Simurg efsanesi, Hz. Mevlana’ya Mesnevi-i Şerifi yazmaya esin kaynağı olan bir efsane olarak anlatılan ve Divan edebiyatımızda ayrıca tasavvuf ekolünde bir sembolizm olan bu efsanenin kaynağı milattan öncesine dayanıyor. Pers İmparatorluğunun zamanında anlatılmış ve günümüze kadar gelen inanılmaz ve muhteşem bir öykü. Kuş topluluğunun hükümdarı Simurg ya da Türk kavimlerinin dile getirdiği şekliyle Zümrüdü Anka kuşu. Bu muhteşem kuş bir bilge ağacında yaşıyor, özelliği göz yaşlarının şifalı oluşu ve yanarak kül olup küllerinden tekrar doğması. Bir gün kuşlar aleminde başlarına geçecek bir padişah ararlar ve bunun Simurg olduğuna karar verirler. Bu kuşun yaşadığına inanıp, bir tüğünün bulunduğuna dair söylenti tüm kuşları onu bulmaya sevk eder.

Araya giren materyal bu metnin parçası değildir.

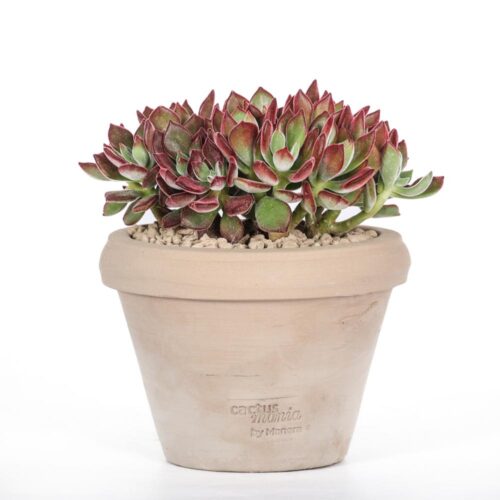 Echeveria pulvinata Devotion Ø 14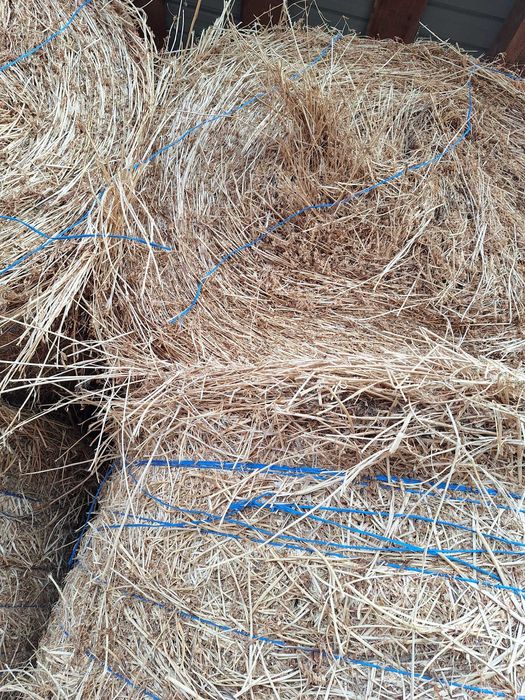 Baloti lucerna rotunzi 120x120si baloti dreptunghiulari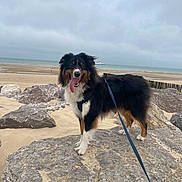 Sweety participe au concours pour gagner de l'argent avec cette photo : dog, beach, rock, sand, sea, cloudy_sky, leash, outdoor, pet, animal, happy, tongue_out, fur, nature, coast, walking, canine, scenic, daytime, playful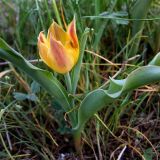 Tulipa suaveolens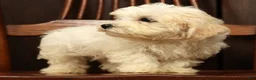 Havanese dogs for sale: Gavin - Ad 6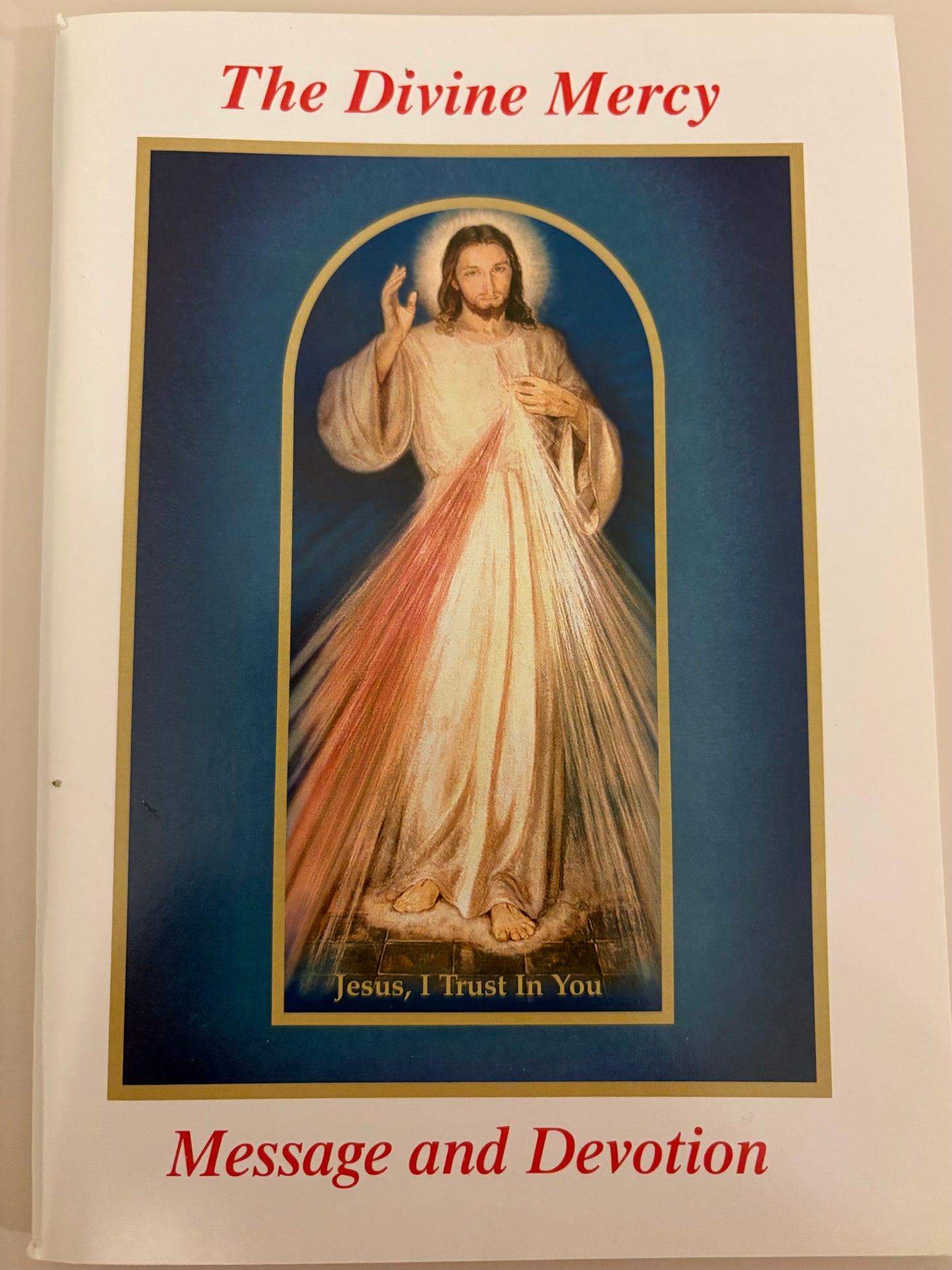 The Divine Mercy Prayer Book Large Print Book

Ancak Simurgun yuvası kaf dağının arkasındadır. Onu bulmak o kadar kolay değildir. Bunun için yedi vadi geçmek gerekir. 1. vadi istek, 2. vadi aşk, 3. vadi marifet, 4. vadi istiğna eldeki kanaat, 5. vadi tevhit, 6. vadi hayret, 7. vadi yokluk.

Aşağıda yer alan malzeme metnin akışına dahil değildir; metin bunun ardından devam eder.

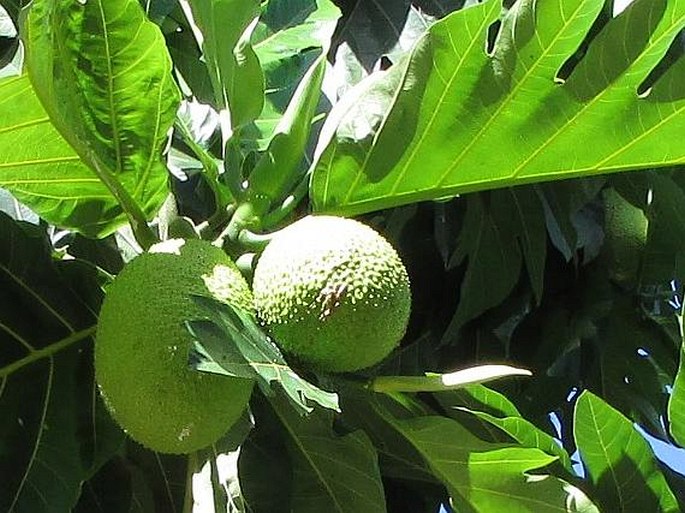 Artocarpus altilis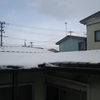 雪の降らぬ間に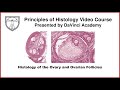 Histology of the Ovary and Ovarian Follicles [Female Reproductive Histology Part 1 of 2]
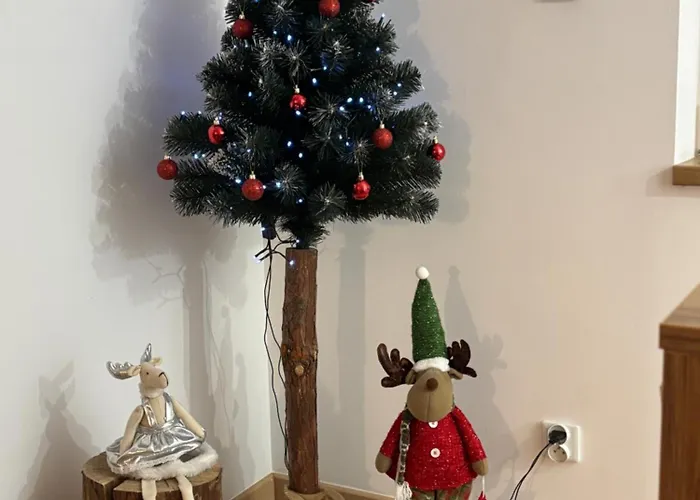 Nad Radunia Apartamento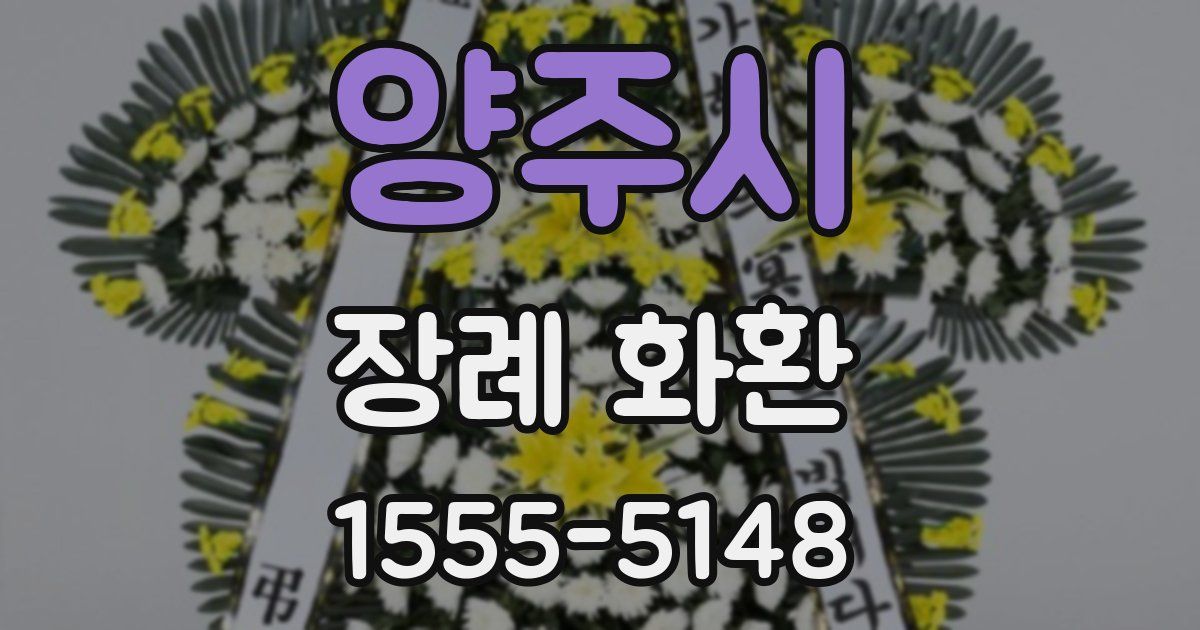 양주시 장례 화환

İsteği ve sabrı az olanlar 1. vadide kalırlar. Aşk denizinden geçerler ayrılık vadisinden uçarlar hırs ovasını aşıp kıskançlık gölüne saparlar. Bu şekilde 7 vadiden uça uça sayıları gitgide azalmıştır. Yolculuğun sonuna geldiklerinde sayıları sadece 30 kuştur. 30 rakamının anlamı fars dilinde si, murg da kuş demektir. Sonra topluluk beklemeye başlar ve bir rivayete göre bu kuşların sözcüsü Tüti kuşu Simurg kuşundan onlara birer belge geldiğini söyler ve tüm kuşlara bu yazıyı okumalarını söyler.
Yazıyı okurlar ve kendilerinin Simurg kuşu olduğunu görürler. Simurg kendileridir ve gerçek yolculuk kendine yapılandır. Bu gerçek veya yukarıda anlatılan efsane aslında yaşadığımız hayatta ne kadar zor bir yolculuk yaptığımız, bütün bu engellerin aşılmasının zorluğu, gönül aynamızı temiz tutmabilmek ve böylece Allah’ın tecellisinin aynamıza tam berrak yansımasıdır. Sevgili peygamber efendimizin hayatını inceleyip onun davranış biçimlerini kendi hayatımıza aksettirip, gönül aynamızı daima paslardan ve kirlerden uzak tutmaktır önemli olan. Kişinin kendine yapılan bu yolculuğu onu yaratan Allah’ı bulma yolculuğudur. Hz. Mevlana’nın Mesnevi yazması onun Şems ile tanışmadan evvel bu hikayeyi tüm öğrencilerine söylediği ve özellikle Şeyh Attar Hz. yazdığı Manyıkut Yayr 4750 beyitlik mesnevisidir. Sonra cok sevdiği öğrencisi olan Hüsametttin Çelebi Hz. bu mesnevinin yazılmasına ısrar eder ve Hz. Mevlana’nın Mesnevi’nin ilk 18 beyit olan ‘dinle neyden’ diye başlayıp bir insanı kamil potresi çizen ve ney sazını mükemmel insana benzeterek olayları bize simgeler kullanarak bu anlatma metodu algılama açısından inanılmaz ifade bütünlüğüdür.
Bu eser yani kuşlar mesnevisi, tasavvufta vahdeti vucut anlayışını anlatır. Bu efsane bize hakikatı anlayanlar yani hakikat yolcularını kuşlarla simgeler. Aranılan Simurg kuşu Allah’ın tecellisidir. Kısaca özetlemek gerekirse Simurg, ‘görecek gözün yoksa gönül aynan paslı ve kirli’ demektir. O ayna gönüldür. Gönüle bak da onun yüzünü gönlünde gör. Bize düşen gönül aynamızın daima saf ve temiz olmasıdır, Rabbim böyle duygular nasip etsin.